By using such an approach, businesses can predict with great certainty whether that persona is in fact a legitimate customer or an enterprising bad guy, aka – criminal, masquerading as a customer. As a result, this approach can reduce review challenges and the associated dollars while still reducing Internet fraud rates. Think of this approach as a trusted customer crystal ball.
Global Contextual Trust Intelligence
The key is access to rich transactional intelligence that contextualizes the pending interaction between you and the customer, the method of interaction/device and its attributes and anomalies, and how that customer has behaved or been treated throughout other site interactions in the network. A combination of that critical contextual data, or truth data, is the only way to solve the trust calculus. The challenge is that no one will provide certain truth data for fear of violating personally identifiable information (PII).
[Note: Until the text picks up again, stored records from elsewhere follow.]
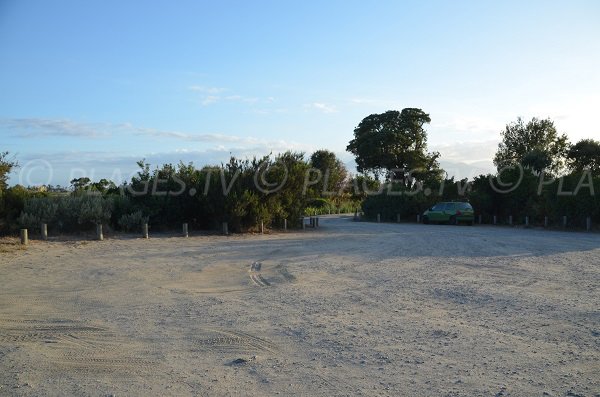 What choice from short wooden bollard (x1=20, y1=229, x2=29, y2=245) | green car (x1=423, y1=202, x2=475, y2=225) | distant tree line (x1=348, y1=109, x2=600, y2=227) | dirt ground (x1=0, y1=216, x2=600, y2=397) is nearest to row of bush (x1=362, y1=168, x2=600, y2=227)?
distant tree line (x1=348, y1=109, x2=600, y2=227)

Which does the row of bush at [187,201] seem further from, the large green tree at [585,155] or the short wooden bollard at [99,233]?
the large green tree at [585,155]

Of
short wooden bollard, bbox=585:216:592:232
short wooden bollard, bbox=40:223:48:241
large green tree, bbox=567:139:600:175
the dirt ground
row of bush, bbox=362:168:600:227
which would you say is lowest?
the dirt ground

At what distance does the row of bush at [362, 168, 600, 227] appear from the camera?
27.5 meters

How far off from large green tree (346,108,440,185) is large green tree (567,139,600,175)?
13.0 m

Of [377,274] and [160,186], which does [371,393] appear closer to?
[377,274]

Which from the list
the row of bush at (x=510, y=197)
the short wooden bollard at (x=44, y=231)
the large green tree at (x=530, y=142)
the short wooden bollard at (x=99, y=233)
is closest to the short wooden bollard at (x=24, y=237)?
the short wooden bollard at (x=44, y=231)

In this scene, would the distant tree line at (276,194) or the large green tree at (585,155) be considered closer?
the distant tree line at (276,194)

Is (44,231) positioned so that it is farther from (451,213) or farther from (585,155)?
(585,155)

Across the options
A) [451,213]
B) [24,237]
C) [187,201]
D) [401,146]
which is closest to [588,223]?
[451,213]

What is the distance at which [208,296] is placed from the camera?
973cm

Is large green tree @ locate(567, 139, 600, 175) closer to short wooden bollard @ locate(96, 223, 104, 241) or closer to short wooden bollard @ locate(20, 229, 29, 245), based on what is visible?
short wooden bollard @ locate(96, 223, 104, 241)

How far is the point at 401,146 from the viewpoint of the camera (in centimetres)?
5394

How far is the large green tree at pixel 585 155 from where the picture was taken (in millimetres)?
42094

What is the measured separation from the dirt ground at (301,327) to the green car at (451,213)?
1799 centimetres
So what can businesses do to overcome this challenge?
First, find a partner with a global network vast and diverse enough to provide transaction intelligence that is applicable to specific businesses. For example, if you are a bank deliberating on the “trust conundrum,” knowing that the customer in question was just successfully vetted and completed a transaction with another financial institution has much greater utility or trustworthiness than knowing whether the customer successfully logged into their Facebook account.
Second, do not rely on device identification alone. The device may be clean, in the hands of a bad guy with a stolen credential, which can lead to a trust decision businesses will regret. Make sure that the device information is just one component of the vetting process.
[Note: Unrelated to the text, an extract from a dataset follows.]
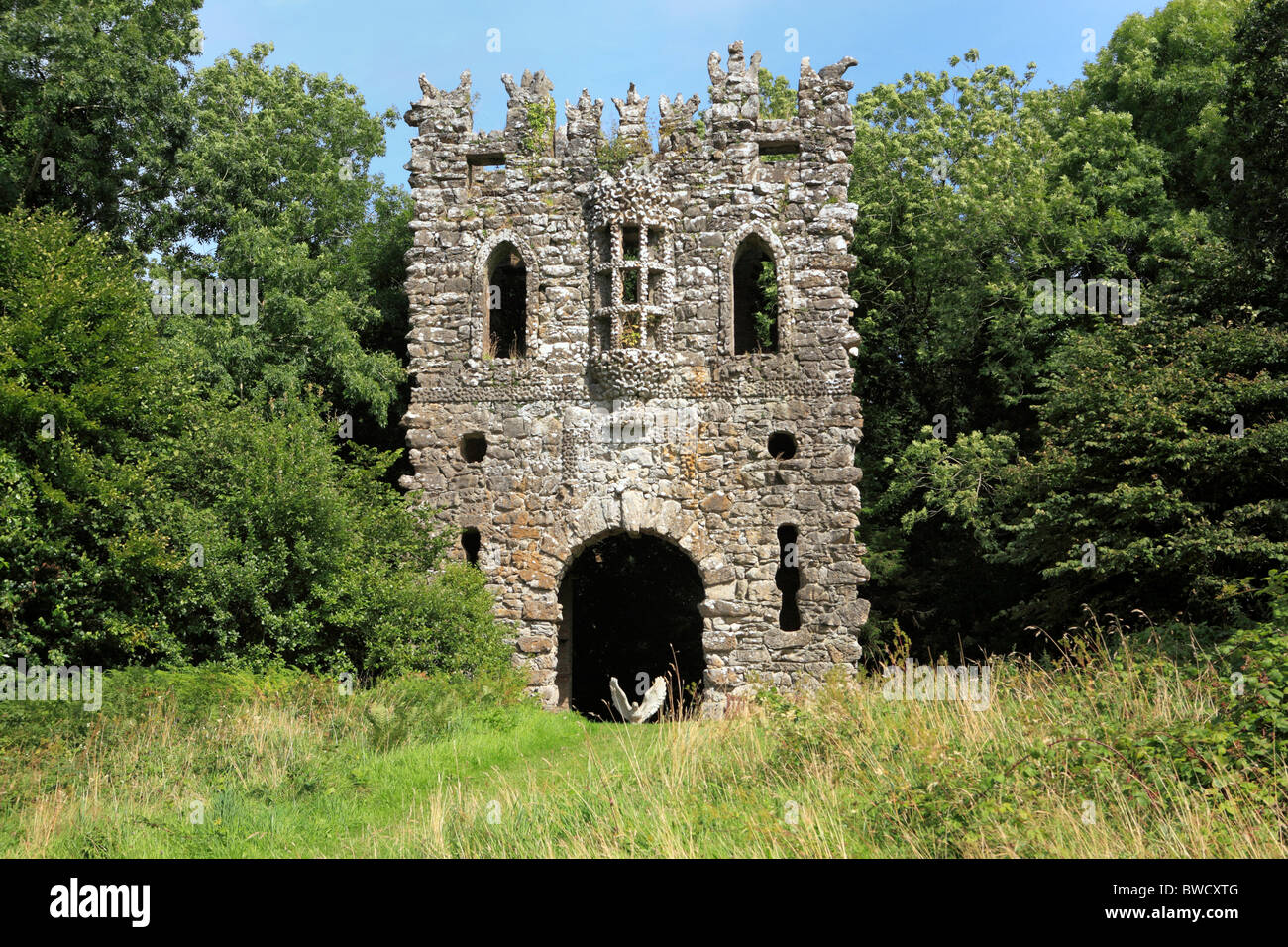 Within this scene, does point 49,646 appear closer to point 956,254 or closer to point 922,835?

Third, ensure that your business has the ability to rate specific risks and set their own policies best suited to the Internet fraud risks and trends facing their business. Relying on canned scores will not align with the unique risks faced by an individual business and may contribute to customer friction.
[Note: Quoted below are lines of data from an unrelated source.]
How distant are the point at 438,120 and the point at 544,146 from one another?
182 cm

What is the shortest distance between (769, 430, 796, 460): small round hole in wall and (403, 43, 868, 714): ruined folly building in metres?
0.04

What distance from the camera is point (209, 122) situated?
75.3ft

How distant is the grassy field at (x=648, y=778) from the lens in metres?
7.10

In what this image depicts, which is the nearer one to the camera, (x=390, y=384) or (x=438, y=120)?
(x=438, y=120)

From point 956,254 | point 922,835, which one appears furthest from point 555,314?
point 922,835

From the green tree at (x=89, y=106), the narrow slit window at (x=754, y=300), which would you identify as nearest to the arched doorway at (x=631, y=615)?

Fourth, use a solution that encrypts all collected data and only allows you access to it. In a world of incessant breaches, a partner that does not protect PII and associated attribute and transactional data is a breach enabler that may wind up facing congressional committees, hostile media, unimpressed boards and expensive settlement costs.
Fifth, use a partner that has a network vast enough to identify industry specific fraud trends and provide predictive analytics and suggested remediation policies and data well in advance of that risk affecting your business.
Finally, use a partner with a global SaaS solution that scales and provides real-time data across different transaction use cases, whether account takeover protection, securing payments or protecting new account creation. Doing so will eliminate the expense of maintaining enterprise software in your environment, provide an on-boarding experience that is seamless and immediately applicable and deployable, and ensure that the network and service is always evolving in a way where you benefit from the enhanced features and functionality as well as the dynamic growing global dataset.
Shifting your focus to contextual trust intelligence as a force multiplier in the trusted customer verse fraudster construct will result in less fraud, less friction, less manual intervention, and less costs. At the same time, a new focus will ensure more revenue and most importantly, more customer trust; and that is the gift that keeps on giving.